Using BFS to create Crosstab queries

Part 1 | Part 2 | Parts 3 & 4 | Part 5 | Part 6

Challenge 7: Crosstabs everywhere

This is the final installment of the BFS zero-to-hero series, hope you enjoyed it! (And learned a bit, too.)

It’s based on an exercise I was given a very long time ago, which really opened my mind to the power of abstractions.

In a nutshell: you’re going to implement a flexible engine for generating SQL queries to get data for crosstab statistics.

Say what? OK, let’s break that down…

What’s a crosstab, anyway?

Imagine you’re a software engineer at InspireNote Inc.; among other things, you’re intimately familiar with the following tables in the database:

Customer:

CustomerID Name
5312 J. S. Bach
5313 Edvard Grieg

Product:

ProductID Name
479 Norwegian landscape vibes
480 Polyphony4Ever

Orders:

OrderID DateTime CustomerID ProductID Amount
101 1685-03-21 5312 480 12
102 1874-08-31 5313 479 1
157 1704-11-14 5312 480 48

One day your manager, wanting to better understand the company’s customers, asks you to create the following view:

↓ Customer / Product → Norwegian landscape vibes Polyphony4Ever
J. S. Bach 0 1,128
Edvard Grieg 140 0

“No worries”, you utter, and already the necessary SQL springs to your mind:

SELECT      Customer.Name, Product.Name, SUM(Orders.Amount)
FROM        Customer
            JOIN Orders ON Customer.CustomerID = Orders.CustomerID
            JOIN Product ON Product.ProductID = Orders.ProductID
GROUP BY    Customer.Name, Product.Name

A pivot quickly follows, sprinkle some UI, deploy, and wham!
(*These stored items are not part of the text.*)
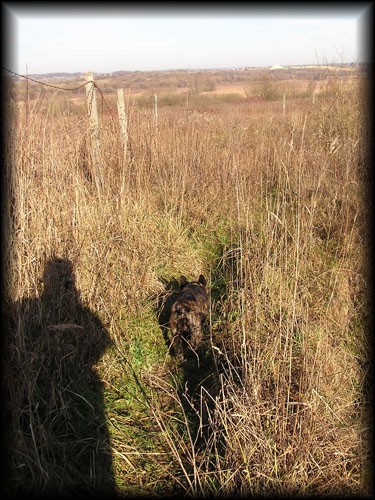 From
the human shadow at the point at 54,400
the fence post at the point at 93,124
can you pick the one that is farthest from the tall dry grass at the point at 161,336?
the fence post at the point at 93,124

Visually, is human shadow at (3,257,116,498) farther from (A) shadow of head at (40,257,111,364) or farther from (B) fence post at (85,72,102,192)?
(B) fence post at (85,72,102,192)

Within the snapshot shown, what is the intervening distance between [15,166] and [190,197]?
113 inches

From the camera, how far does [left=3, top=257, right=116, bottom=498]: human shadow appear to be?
2203 mm

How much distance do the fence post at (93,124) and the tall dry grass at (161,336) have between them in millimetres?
136

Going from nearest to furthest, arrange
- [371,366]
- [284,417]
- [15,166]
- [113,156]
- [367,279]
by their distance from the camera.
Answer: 1. [284,417]
2. [15,166]
3. [371,366]
4. [367,279]
5. [113,156]

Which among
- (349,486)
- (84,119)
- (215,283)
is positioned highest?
(84,119)

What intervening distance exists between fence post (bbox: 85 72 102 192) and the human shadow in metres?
1.35

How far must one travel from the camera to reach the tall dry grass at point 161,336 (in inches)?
90.1

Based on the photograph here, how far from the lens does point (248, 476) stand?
7.00 feet

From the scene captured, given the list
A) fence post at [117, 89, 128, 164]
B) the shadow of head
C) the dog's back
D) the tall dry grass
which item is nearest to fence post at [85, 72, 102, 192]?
the tall dry grass

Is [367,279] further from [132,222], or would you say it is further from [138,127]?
[138,127]

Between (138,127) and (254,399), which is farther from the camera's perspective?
(138,127)

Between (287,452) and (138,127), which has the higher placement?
(138,127)

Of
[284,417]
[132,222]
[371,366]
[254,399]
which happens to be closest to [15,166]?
[132,222] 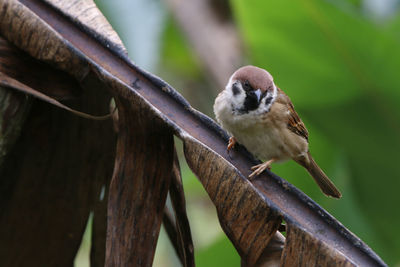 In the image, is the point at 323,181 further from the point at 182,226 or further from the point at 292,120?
the point at 182,226

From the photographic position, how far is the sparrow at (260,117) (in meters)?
2.14

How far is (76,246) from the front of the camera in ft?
5.72

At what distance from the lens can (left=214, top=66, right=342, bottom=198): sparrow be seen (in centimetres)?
214

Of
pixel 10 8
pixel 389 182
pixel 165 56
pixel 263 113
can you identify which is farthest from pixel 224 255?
pixel 165 56

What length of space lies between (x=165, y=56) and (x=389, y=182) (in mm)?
2562

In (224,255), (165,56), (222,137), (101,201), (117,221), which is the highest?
(222,137)

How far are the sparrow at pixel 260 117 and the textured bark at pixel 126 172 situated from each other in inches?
21.3

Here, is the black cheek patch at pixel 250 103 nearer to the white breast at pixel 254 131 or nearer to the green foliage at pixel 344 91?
the white breast at pixel 254 131

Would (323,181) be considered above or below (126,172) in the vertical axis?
below

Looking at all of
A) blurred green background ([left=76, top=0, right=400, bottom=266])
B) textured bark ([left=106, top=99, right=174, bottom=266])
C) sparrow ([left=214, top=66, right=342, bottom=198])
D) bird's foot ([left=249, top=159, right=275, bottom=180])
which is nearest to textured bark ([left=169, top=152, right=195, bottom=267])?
textured bark ([left=106, top=99, right=174, bottom=266])

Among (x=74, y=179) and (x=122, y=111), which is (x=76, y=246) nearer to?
(x=74, y=179)

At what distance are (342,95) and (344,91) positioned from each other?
0.13 ft

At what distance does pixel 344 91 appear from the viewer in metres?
2.90

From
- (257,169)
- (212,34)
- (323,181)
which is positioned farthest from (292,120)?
(212,34) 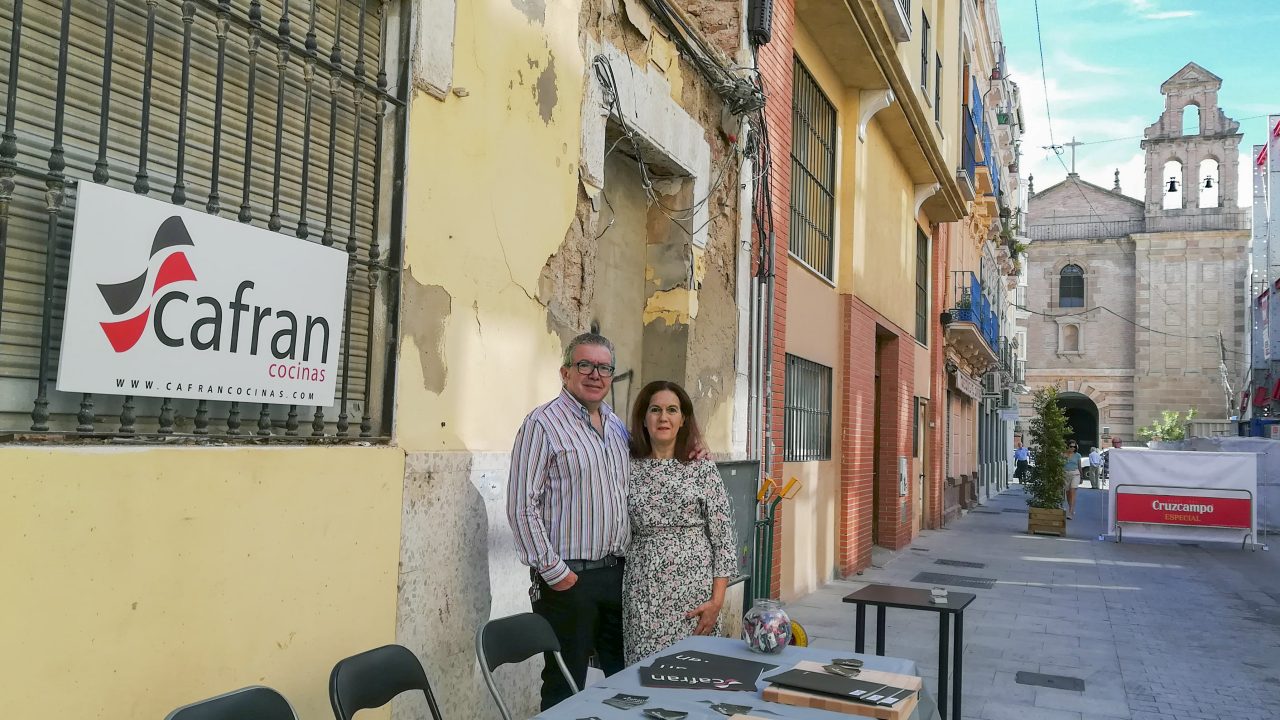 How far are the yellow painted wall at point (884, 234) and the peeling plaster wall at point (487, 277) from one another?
639 cm

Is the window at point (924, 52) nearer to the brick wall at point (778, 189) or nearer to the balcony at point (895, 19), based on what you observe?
the balcony at point (895, 19)

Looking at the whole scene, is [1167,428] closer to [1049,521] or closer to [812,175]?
[1049,521]

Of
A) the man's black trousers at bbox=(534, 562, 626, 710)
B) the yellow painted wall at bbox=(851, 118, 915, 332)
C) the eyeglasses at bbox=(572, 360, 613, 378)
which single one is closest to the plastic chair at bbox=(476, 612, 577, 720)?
the man's black trousers at bbox=(534, 562, 626, 710)

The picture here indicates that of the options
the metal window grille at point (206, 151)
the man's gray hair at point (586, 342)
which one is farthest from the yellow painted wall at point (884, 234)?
the metal window grille at point (206, 151)

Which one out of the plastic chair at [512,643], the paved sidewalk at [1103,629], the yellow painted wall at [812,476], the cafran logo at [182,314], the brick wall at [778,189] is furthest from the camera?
the yellow painted wall at [812,476]

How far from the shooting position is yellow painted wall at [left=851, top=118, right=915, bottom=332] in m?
12.0

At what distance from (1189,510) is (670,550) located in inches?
572

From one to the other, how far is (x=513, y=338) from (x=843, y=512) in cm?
771

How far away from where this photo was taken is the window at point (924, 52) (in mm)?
15079

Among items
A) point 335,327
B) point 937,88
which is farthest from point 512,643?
point 937,88

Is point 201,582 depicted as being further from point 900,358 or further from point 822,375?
point 900,358

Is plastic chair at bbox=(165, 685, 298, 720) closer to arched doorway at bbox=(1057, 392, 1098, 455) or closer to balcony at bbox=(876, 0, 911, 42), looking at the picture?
balcony at bbox=(876, 0, 911, 42)

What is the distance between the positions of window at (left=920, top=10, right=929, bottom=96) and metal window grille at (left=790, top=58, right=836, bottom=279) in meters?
4.45

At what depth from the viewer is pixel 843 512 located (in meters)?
11.5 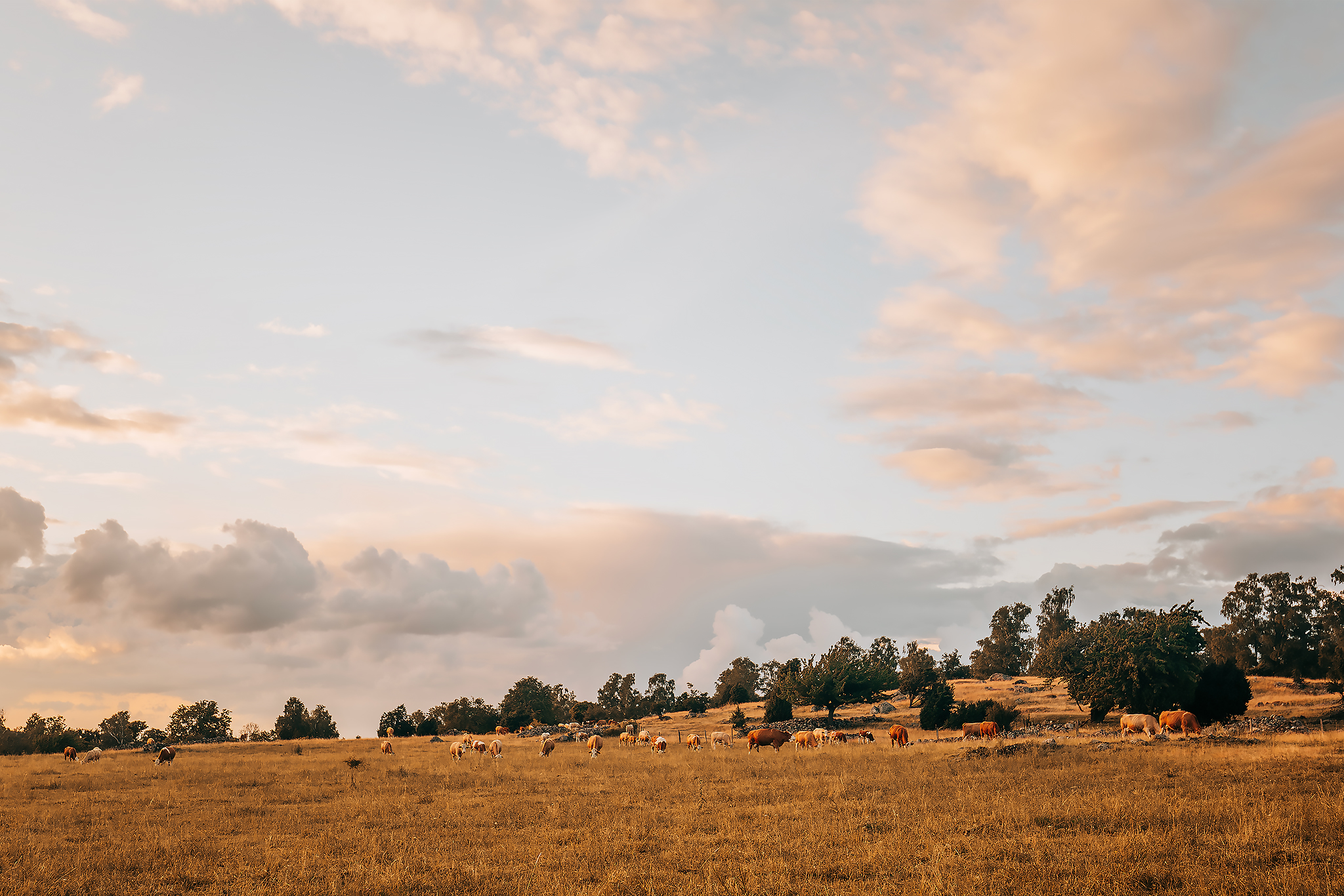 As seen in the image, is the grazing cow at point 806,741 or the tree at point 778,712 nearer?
the grazing cow at point 806,741

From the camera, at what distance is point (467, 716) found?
108 m

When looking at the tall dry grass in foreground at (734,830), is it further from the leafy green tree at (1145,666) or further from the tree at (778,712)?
the tree at (778,712)

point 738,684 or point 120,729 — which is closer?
point 120,729

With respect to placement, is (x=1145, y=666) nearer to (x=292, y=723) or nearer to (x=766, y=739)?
(x=766, y=739)

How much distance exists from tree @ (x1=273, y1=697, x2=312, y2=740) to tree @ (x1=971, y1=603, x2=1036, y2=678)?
114m

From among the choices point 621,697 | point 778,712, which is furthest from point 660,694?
point 778,712

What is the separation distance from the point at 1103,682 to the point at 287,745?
61.7 m

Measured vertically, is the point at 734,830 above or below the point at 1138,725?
above

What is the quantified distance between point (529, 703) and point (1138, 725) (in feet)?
291

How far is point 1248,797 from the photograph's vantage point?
63.4 ft

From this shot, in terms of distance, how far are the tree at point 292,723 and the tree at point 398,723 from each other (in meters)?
9.27

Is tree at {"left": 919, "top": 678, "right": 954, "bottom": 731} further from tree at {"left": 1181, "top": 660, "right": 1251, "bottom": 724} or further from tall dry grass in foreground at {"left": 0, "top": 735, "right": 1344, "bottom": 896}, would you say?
tall dry grass in foreground at {"left": 0, "top": 735, "right": 1344, "bottom": 896}

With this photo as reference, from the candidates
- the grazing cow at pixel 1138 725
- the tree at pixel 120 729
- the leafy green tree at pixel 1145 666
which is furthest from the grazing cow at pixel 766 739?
the tree at pixel 120 729

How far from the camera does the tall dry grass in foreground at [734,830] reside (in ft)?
44.6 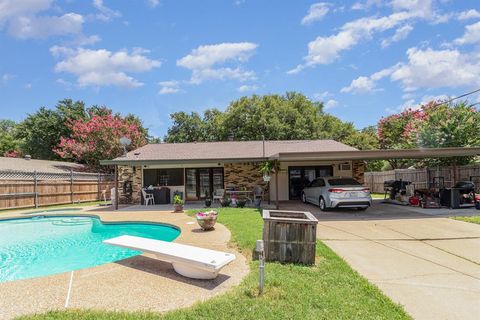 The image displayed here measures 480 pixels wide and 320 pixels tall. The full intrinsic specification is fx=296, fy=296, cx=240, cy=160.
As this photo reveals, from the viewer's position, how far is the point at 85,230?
1027cm

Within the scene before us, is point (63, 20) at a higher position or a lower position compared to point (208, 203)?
higher

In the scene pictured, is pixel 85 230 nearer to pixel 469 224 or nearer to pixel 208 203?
pixel 208 203

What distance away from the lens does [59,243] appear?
344 inches

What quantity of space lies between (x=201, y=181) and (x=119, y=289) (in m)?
11.9

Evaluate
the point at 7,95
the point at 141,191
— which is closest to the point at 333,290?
the point at 141,191

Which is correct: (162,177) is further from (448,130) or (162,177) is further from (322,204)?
(448,130)

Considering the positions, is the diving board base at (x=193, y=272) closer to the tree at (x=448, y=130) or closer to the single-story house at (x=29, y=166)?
the tree at (x=448, y=130)

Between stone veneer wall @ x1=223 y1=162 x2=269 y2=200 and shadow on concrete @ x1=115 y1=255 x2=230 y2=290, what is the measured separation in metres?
9.98

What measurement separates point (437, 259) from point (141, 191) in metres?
13.1

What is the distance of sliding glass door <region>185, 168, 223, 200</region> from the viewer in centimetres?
1577

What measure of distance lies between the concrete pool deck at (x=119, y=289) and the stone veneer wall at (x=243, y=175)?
10.1 metres

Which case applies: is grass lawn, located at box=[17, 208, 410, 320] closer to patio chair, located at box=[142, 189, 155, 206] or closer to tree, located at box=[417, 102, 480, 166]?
patio chair, located at box=[142, 189, 155, 206]

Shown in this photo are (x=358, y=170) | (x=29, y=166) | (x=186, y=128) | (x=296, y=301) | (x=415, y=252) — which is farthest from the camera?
(x=186, y=128)

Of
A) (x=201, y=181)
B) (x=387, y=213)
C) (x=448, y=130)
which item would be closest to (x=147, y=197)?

Your manager has her crosstab.

The view is well-received – so much, in fact, that a week later your manager clears all your JIRA tickets, hangs an ERD poster of the company’s sprawling database next to your desk, and hands you the specs for 73 crosstab requests from various execs in the organization.

Other engineers would have been overwhelmed, perhaps. Not you; you won’t let a bit of work get in the way of being lazy.

The challenge

You need to write a function that, given a crosstab view specification (and with knowledge of the database schema), generates an SQL for querying the data to construct the requested crosstab.

To do that, we observe that such queries have a common structure:

  • The SELECT clause contains the two category columns, and some aggregation of the value column
  • The FROM clause contains a chain of JOINs linking the two tables containing the category columns
  • GROUP BY the two category columns

The JOIN chain is where you’ll need BFS and the database schema.

The Chinook database

The challenge uses the Chinook toy database. Download the sqlite3 version and place it in the same directory as the challenge’s code. Here’s a reference ERD from the homepage:

Chinook database ERD

Go ahead and try the challenge. Good luck!